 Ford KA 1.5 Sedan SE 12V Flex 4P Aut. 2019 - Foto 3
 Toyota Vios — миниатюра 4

...

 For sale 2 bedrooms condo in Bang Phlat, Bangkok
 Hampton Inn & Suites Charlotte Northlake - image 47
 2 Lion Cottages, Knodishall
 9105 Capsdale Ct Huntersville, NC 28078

...

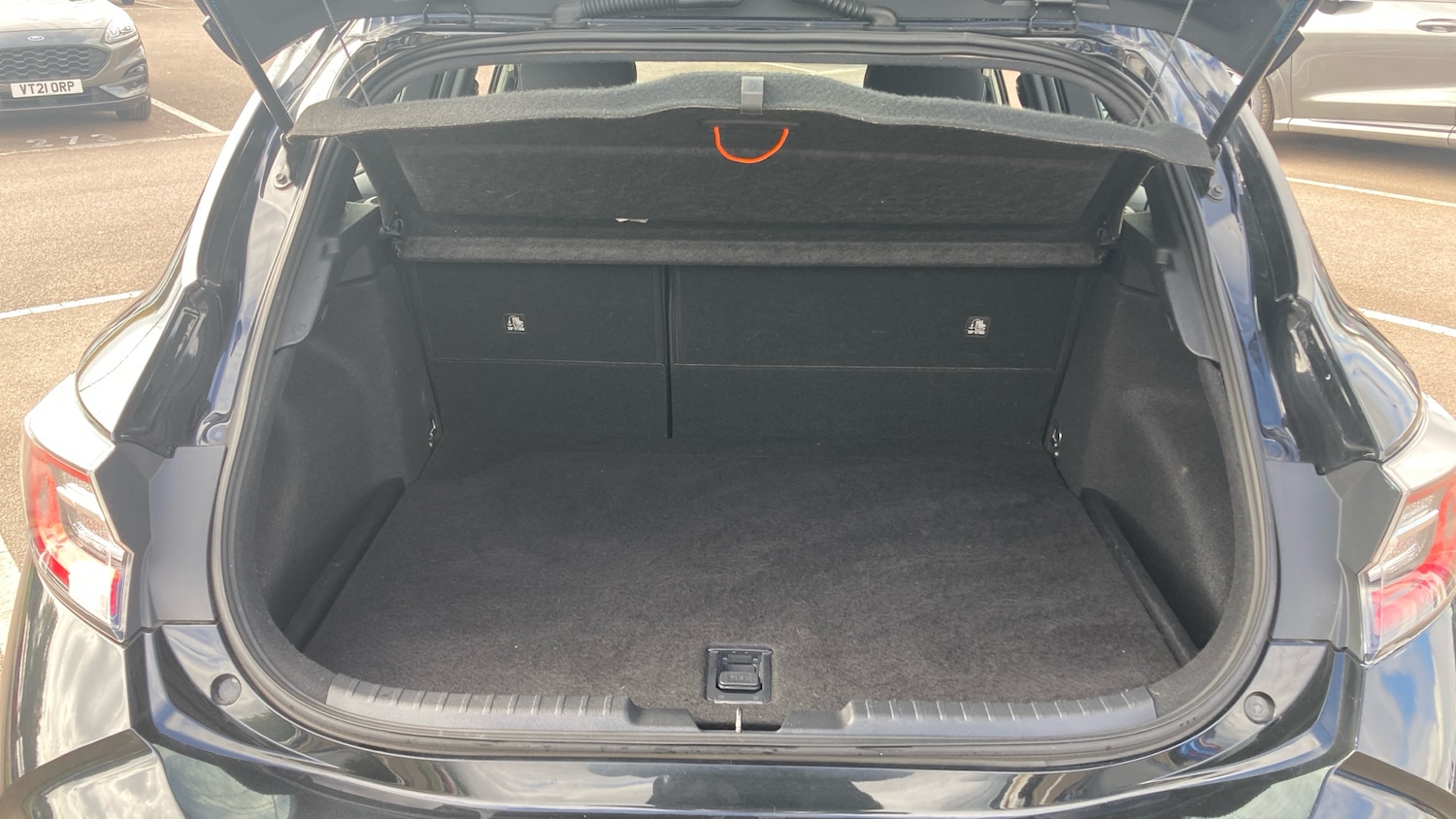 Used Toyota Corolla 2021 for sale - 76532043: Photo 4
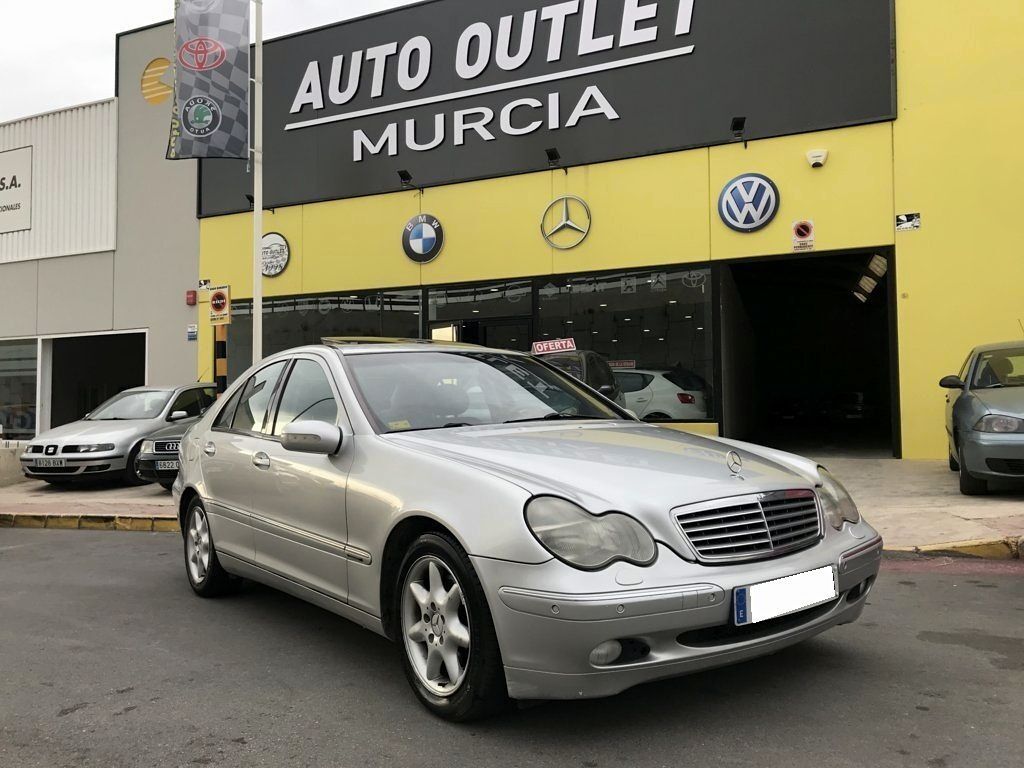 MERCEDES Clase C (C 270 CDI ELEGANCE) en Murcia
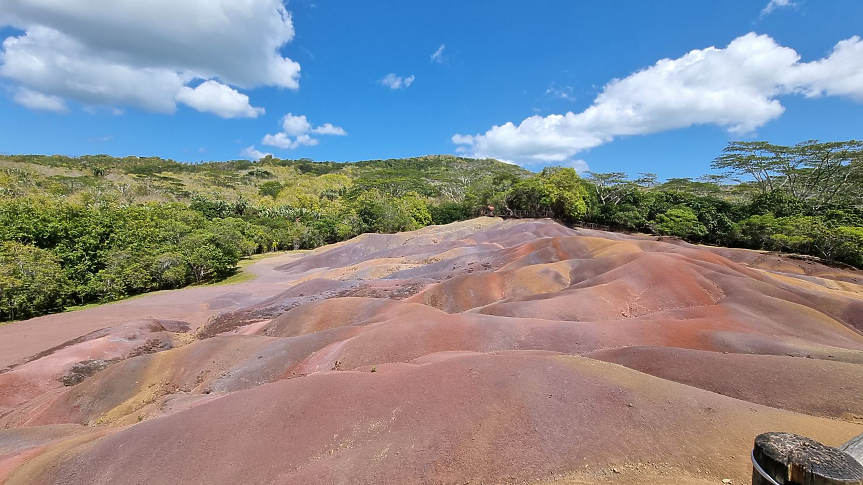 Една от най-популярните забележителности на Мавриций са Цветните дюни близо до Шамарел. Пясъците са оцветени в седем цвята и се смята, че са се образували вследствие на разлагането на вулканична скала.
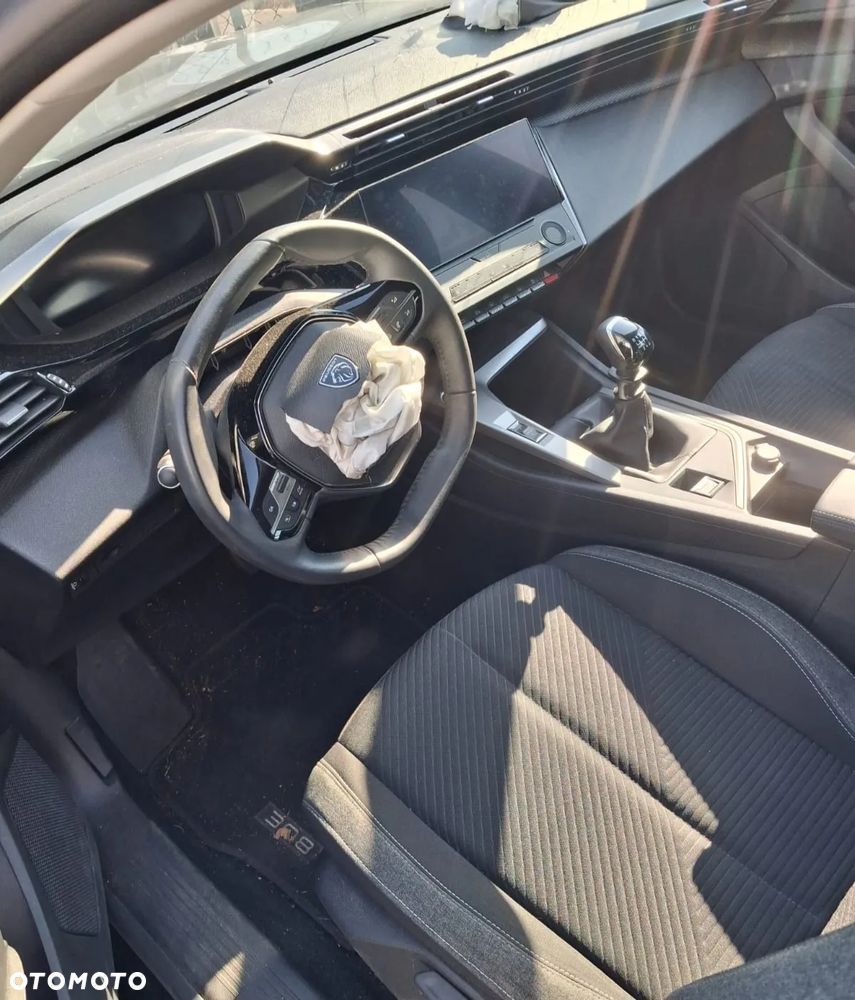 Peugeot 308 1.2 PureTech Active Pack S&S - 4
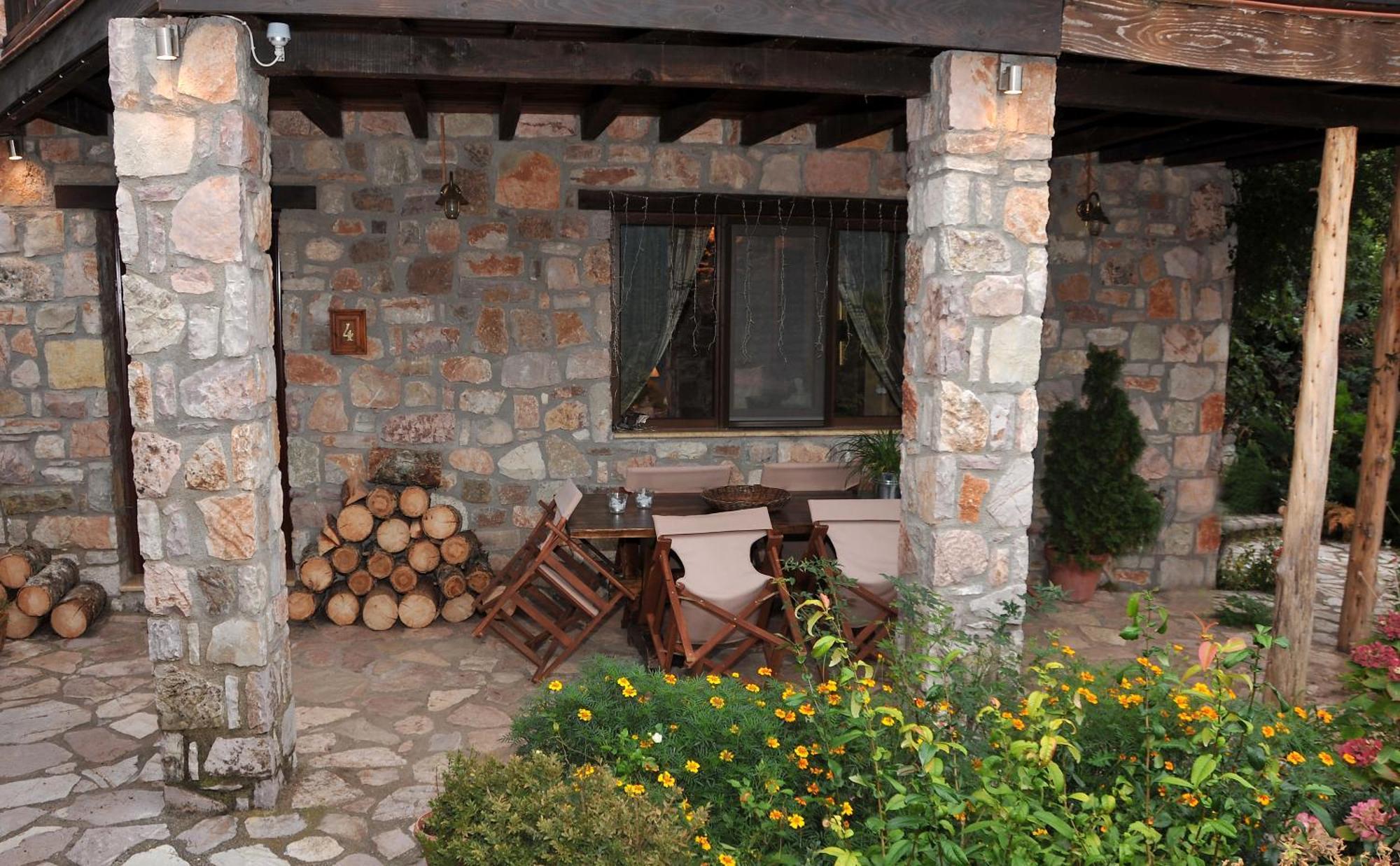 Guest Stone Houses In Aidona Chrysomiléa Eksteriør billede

### GOAL OF THE EXERCISE
Go to the line with "Ford KA 1.5" in the entries above and repeat every line from there through the line with "Toyota Vios — миниатюра 4", exactly and with no other text.

### YOUR SOLUTION
 Ford KA 1.5 Sedan SE 12V Flex 4P Aut. 2019 - Foto 3
 Toyota Vios — миниатюра 4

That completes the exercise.